[Stoves] Heat transfer and in-line water heater

Crispin Pemberton-Pigott crispinpigott at gmail.com
Thu Dec 6 16:17:14 EST 2007


Dear Andrew

The important bits:

>I don't see pulse combustors being viable as stoves, 

Agreed!

>I've had a few exciting moments with combustion experiments but not
>with wood, the most startling was with a series of small acetylene
>explosions, my ears did ring!

The fake machines guns on WWI biplanes work that way with acetylene and air
fed into a tube with a spark plug at the top end.  Sounds like a 303!

>...it looked like the maximum radiation
>from a stoichiometric wood burn at 1600C in a combustion chamber 150mm
>diameter was 13kW(t), use wet wood and increase excess air such that
>the combustion chamber dropped to 800C and you reduce this tenfold.

Very impressive.  On a shiny pot it might be greatly reduced (another 50%?) 

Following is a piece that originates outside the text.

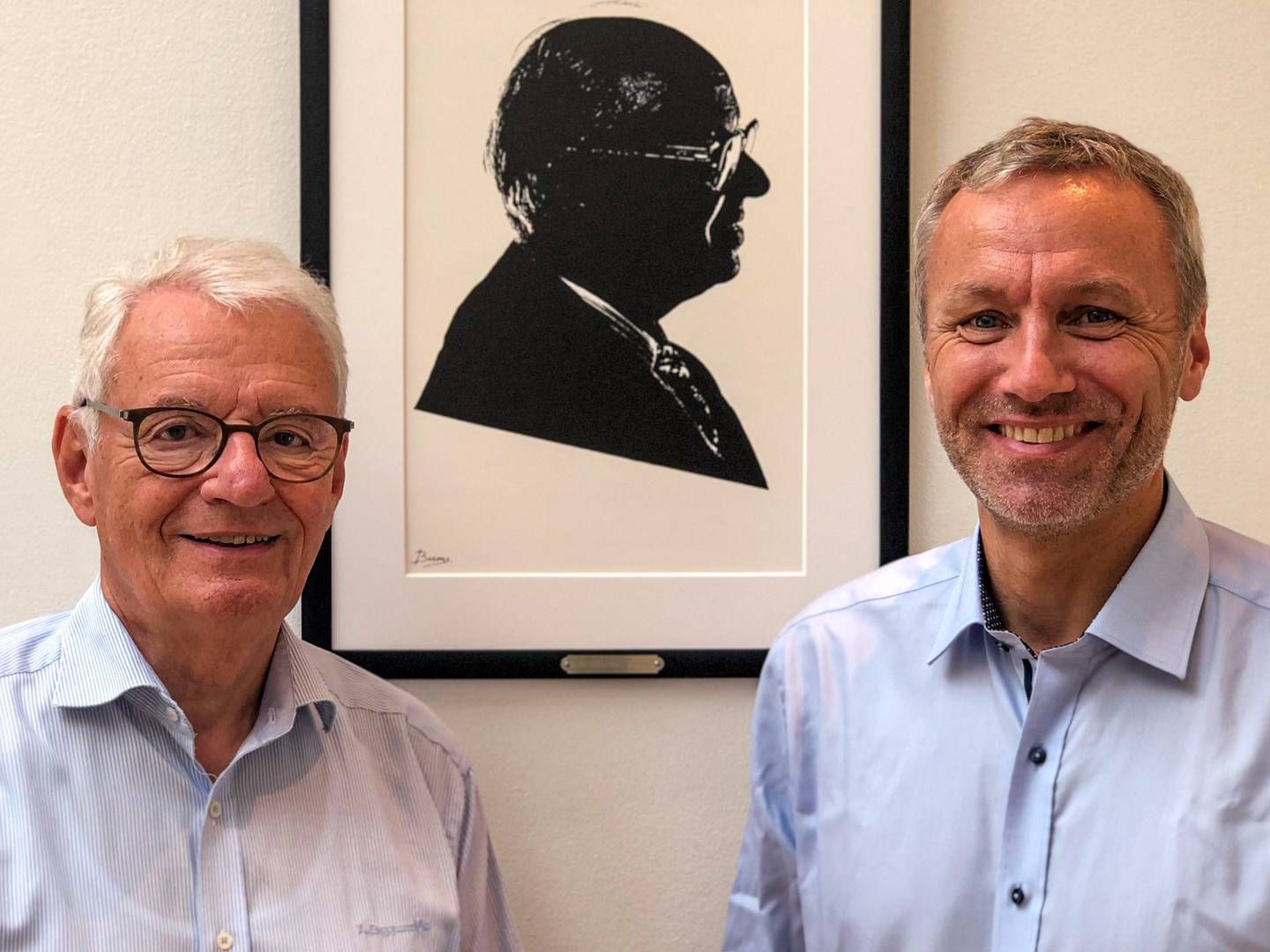 Asger Enggaard (th) med sin far, Jørgen Enggaard, der i 2020 slap tøjlerne i familiekoncernen. På billedet i baggrunden ses stifteren af A. Enggaard, Asger Enggaard. | Foto: PR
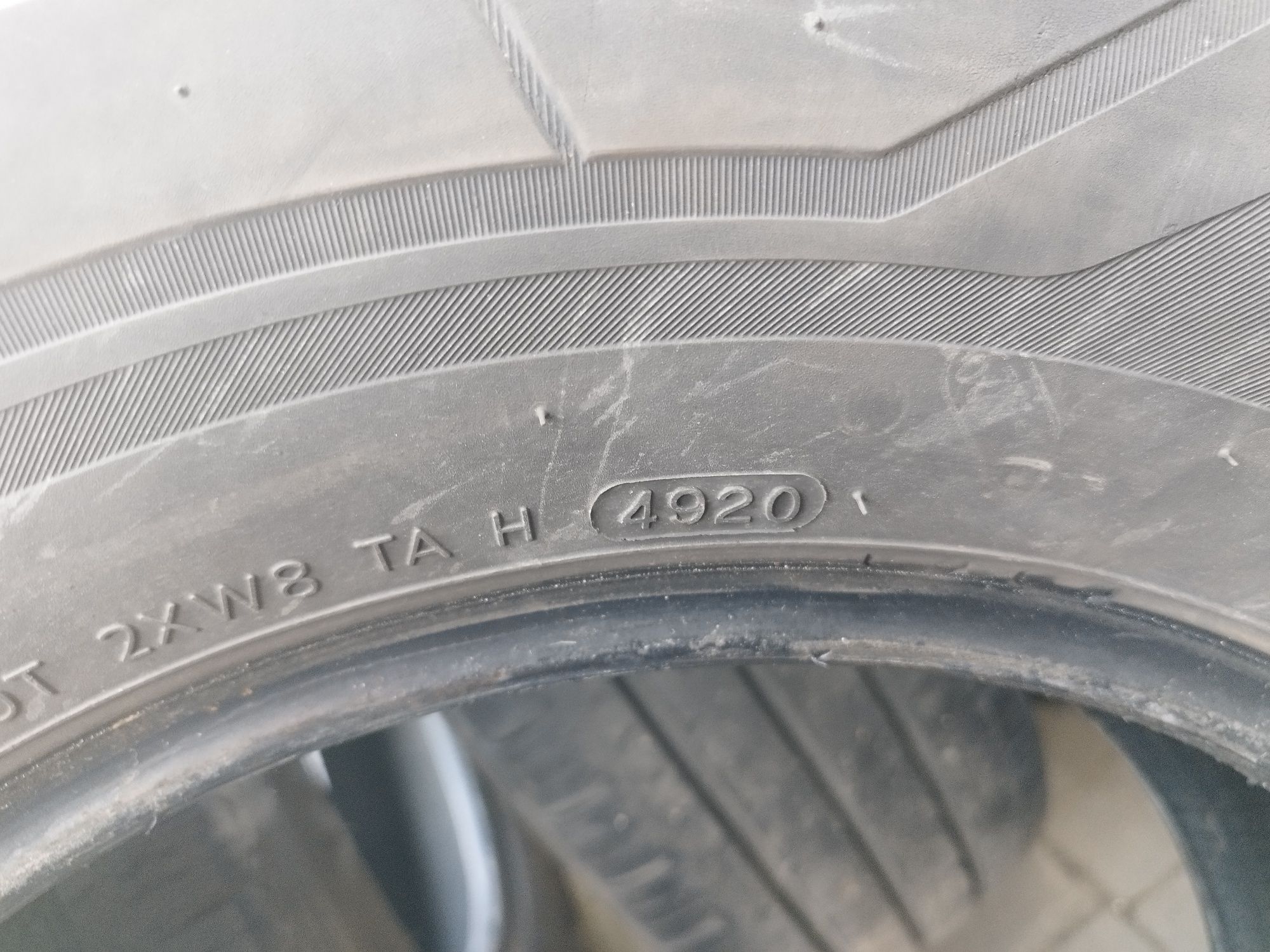 Opony Do Busa / Dostawczaka/ Hankook Vantra LT / 215/75R16C 116/114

>>Increasing the velocity will increase the heat transfer RATE in J/sq cm /
>>second. 

>Which is the same as saying the power into the pot increases, for
>efficiency to remain the same the flue gases after the pot must be the
>same as the previous case.

I was trying to point out that if you absorb all the heat available in the
first 5 cm of pot radius, there isn't much left to collect. For example
putting a black aluminum pot on a concentrated natural gas flame means the
food gets burned to the bottom centre of the pot and the edges are
relatively cold.

Increasing the heat transfer rate in the region above the flame will only
make things worse and leave less heat to be absorbed at the edges.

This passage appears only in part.